Michael Knipper se base sur les prises de parole récentes de deux économistes de renom, Hans-Werner Sinn, le patron de l’institut Ifo de Munich, et Bernd Raffelüschen, professeur d’économie à l’Université de Fribourg dans le sud-ouest du pays. Le premier considère que l’intégration des réfugiés sur le marché du travail ne sera pas possible sans revenir sur le salaire minimum, du fait de leur trop faible productivité. Le second estime pour sa part que les réfugiés resteront à la charge du système de protection sociale. «La plupart ne pourront cotiser le nombre d’années nécessaires pour toucher une retraite complète, et risquent de grossir les rangs de ces retraités qui vivent des prestations sociales.» Et de prédire une augmentation des cotisations sociales et des impôts.

 

Une population jeune

«55% des réfugiés ont moins de 25 ans, relativise Claudia Walther, chercheuse à la Fondation Bertelsmann. C’est un âge où il est possible d’entamer une formation professionnelle.

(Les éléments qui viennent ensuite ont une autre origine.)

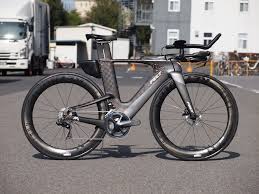 Viimeisimmät twiitit käyttäjältä エロいアニメの動画 (@xtwpp): ãƒˆãƒ©ã‚¤ã‚¢ã‚¹ãƒ­ãƒ³ãƒã‚¤ã‚¯ 2020 Felt Ia Advanced Ultegra Di2 ã‚¹ãƒ'ãƒƒã‚¿ãƒ¼ ã®ç´¹ä»‹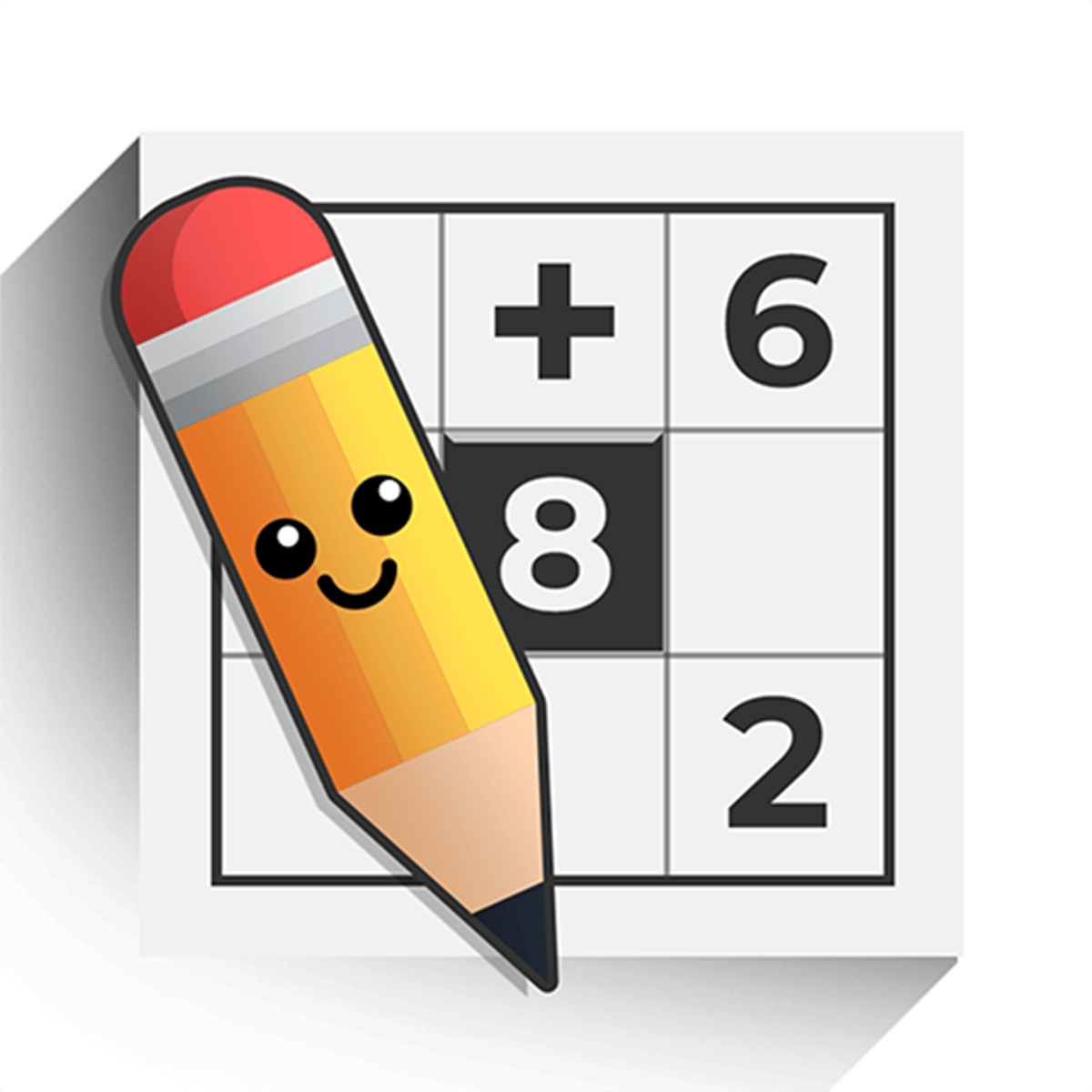 Sudoku play online for free poki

L’IAB [institut de recherche interne à l’Office pour l’emploi] estime qu’à long terme, on pourra intégrer 50% des réfugiés sur le marché du travail.» En attendant, la ministre du Travail Andrea Nahles (SPD) table sur une hausse du nombre des bénéficiaires des minimums sociaux de 460 000 personnes en 2016 à 1 million d’ici à 2019.

Sur le terrain, les ONG engagées aux côtés des réfugiés réclament davantage de soutien de l’État. 70% des réfugiés ayant entamé une formation professionnelle l’auraient interrompue, comme l’affirme le quotidien Die Welt? «Suivre une formation quand on parle mal allemand est trop dur», riposte Günter, qui aide à placer de jeunes réfugiés dans les entreprises. Mais l’État ne propose de cours d’allemand qu’aux réfugiés ayant obtenu un permis de séjour, procédure qui peut durer jusqu’à plusieurs années. La moitié d’analphabètes parmi les réfugiés afghans âgés de 14 à 25 ans, et seulement 30% de réfugiés qui auraient fréquenté l’école secondaire, comme l’affirme l’institut Ifo? «Les études montrent qu’on a aussi besoin de personnel non qualifié, dans la logistique ou le soin aux personnes âgées», rappelle Claudia Walther. Pour la Fondation Bertelsmann, la venue de migrants sera une chance pour l’économie allemande, «à condition qu’on assouplisse les conditions d’accès au marché du travail, aux cours de langue, à la formation professionnelle. C’est un investissement sur le long terme.»